The three-degree polynomial \[f\left( x \right)\] has roots of the equation \[3, - 3\] and \[ - k\]. Given that the coefficient of \[{x^3}\] is 2 and \[f\left( x \right)\] has a remainder of 8 when divided by \[x + 1\]. The value of \[k\] is

Answer 1

Hint: First of all, form the cubic polynomial with the given roots. then use the formula if a polynomial \[f\left( x \right)\] has a remainder of \[r\] when divided by \[x - \alpha \] when \[f\left( \alpha \right) = r\] to find the required value of \[k\]. So, use this concept to reach the solution of the given problem.
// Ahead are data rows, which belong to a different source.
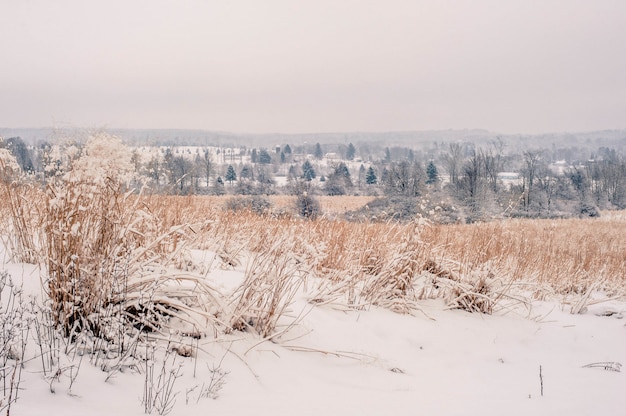 Beautiful shot of the amazing scenery of the snow-covered countryside in Pennsylvania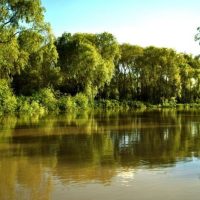 Isla Paulino de Berisso: Un Edén Fluvial con Historia y Encanto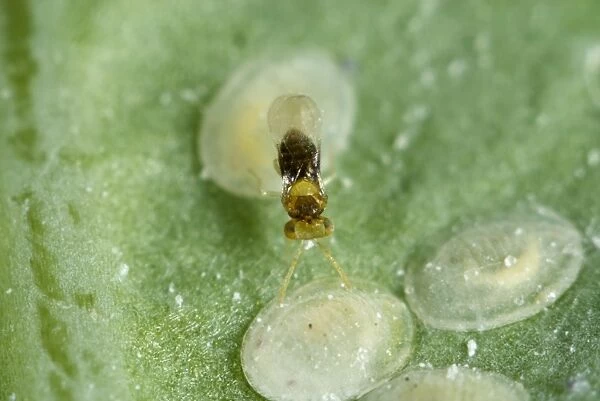 An adult parasitoid wasp, Encarsia tricolor, laying eggs, ovipositing in larval scales of cabbage whitefly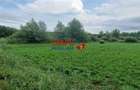 Oportunitate de Investiție: Teren 24000mp Intravilan Construibil în Ga - 8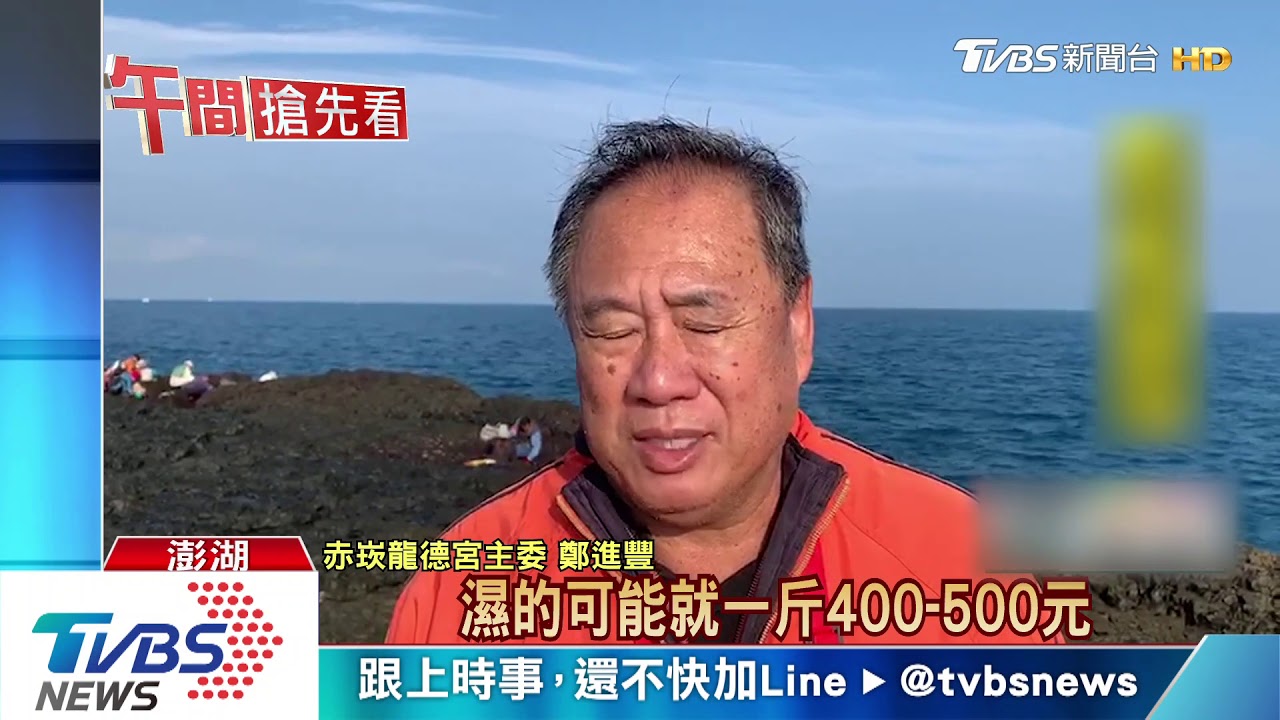 野生價高！民眾搶採姑婆嶼「紫菜」　賺紅包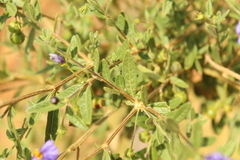 Lycianthes lycioides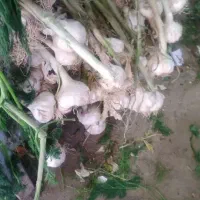 نیازمند به کارگر برای بسته بندی در سرد خانه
Complete step-by-step answer:
Given that \[f\left( x \right)\] is a polynomial of degree three and its roots are \[3, - 3\] and \[ - k\].
Also given that \[f\left( x \right)\] has a remainder of 8 when divided by \[x + 1\].
We know that the equation of the cubic polynomial \[f\left( x \right)\] with roots \[\alpha ,\beta ,\gamma \] is given by \[f\left( x \right) = \left( {x - \alpha } \right)\left( {x - \beta } \right)\left( {x - \gamma } \right) = 0\].
So, the given cubic polynomial \[f\left( x \right)\] with roots \[3, - 3\] and \[ - k\] is
\[
   \Rightarrow f\left( x \right) = \left( {x - 3} \right)\left( {x - \left( { - 3} \right)} \right)\left( {x - \left( { - k} \right)} \right) \\
   \Rightarrow f\left( x \right) = \left( {x - 3} \right)\left( {x + 3} \right)\left( {x + k} \right) \\
   \Rightarrow f\left( x \right) = \left( {{x^2} - 9} \right)\left( {x + k} \right) \\
\]
Also given that \[f\left( x \right)\] has a remainder of 8 when divided by \[x + 1\].
We know that if a polynomial \[f\left( x \right)\] has a remainder of \[r\] when divided by \[x - \alpha \] when \[f\left( \alpha \right) = r\]
Since \[f\left( x \right)\] has a remainder of 8 when divided by \[x + 1\], we have
\[
   \Rightarrow f\left( { - 1} \right) = 8 \\
   \Rightarrow \left( {{{\left( { - 1} \right)}^2} - 9} \right)\left( { - 1 + k} \right) = 8 \\
   \Rightarrow \left( {1 - 9} \right)\left( { - 1 + k} \right) = 8 \\
   \Rightarrow - 8\left( {k - 1} \right) = 8 \\
   \Rightarrow k - 1 = \dfrac{8}{{ - 8}} = - 1 \\
  \therefore k = - 1 + 1 = 0 \\
\]
Thus, the value of \[k\] is 0.

Note: A cubic polynomial is a polynomial of degree 3. A cubic polynomial is of the form \[a{x^3} + b{x^2} + cx + d\]. An equation involving a cubic polynomial is called as a cubic equation. A cubic equation is of the form \[a{x^3} + b{x^2} + cx + d = 0\].